BEGIN EXCERPTED RECORDS

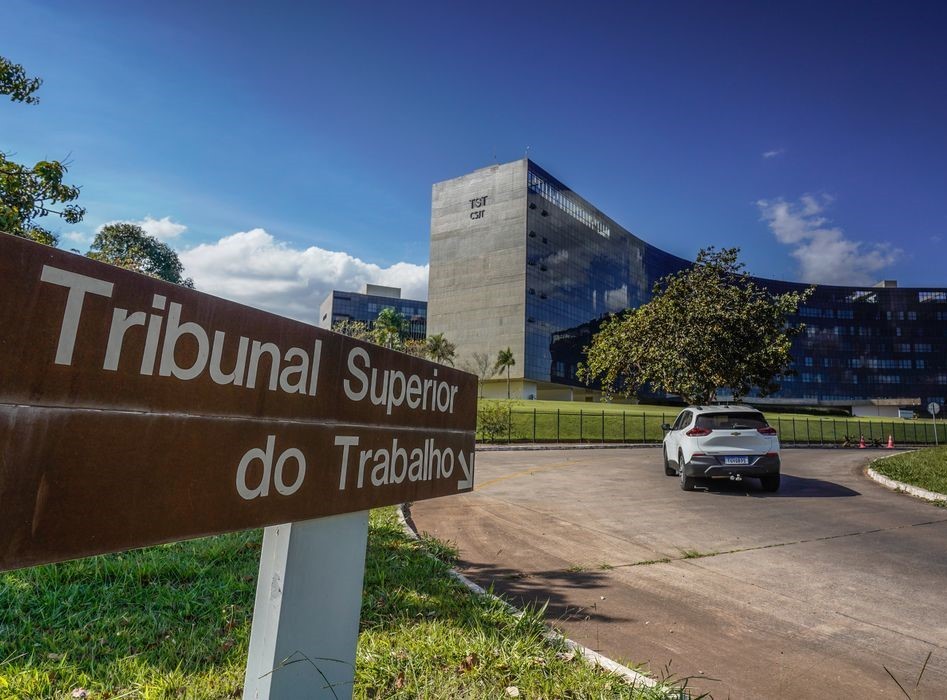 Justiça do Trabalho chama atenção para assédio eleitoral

END EXCERPTED RECORDS
BEGIN EXCERPTED RECORDS

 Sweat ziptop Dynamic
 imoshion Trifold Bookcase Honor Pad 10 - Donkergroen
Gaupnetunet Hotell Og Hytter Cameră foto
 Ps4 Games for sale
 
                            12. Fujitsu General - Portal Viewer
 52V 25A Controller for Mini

END EXCERPTED RECORDS

TASK: Look through the material above and print exactly the lines from the one containing "12. Fujitsu General" to the one containing "52V 25A Controller for Mini", both included, and nothing more.

RESPONSE:
                            12. Fujitsu General - Portal Viewer
 52V 25A Controller for Mini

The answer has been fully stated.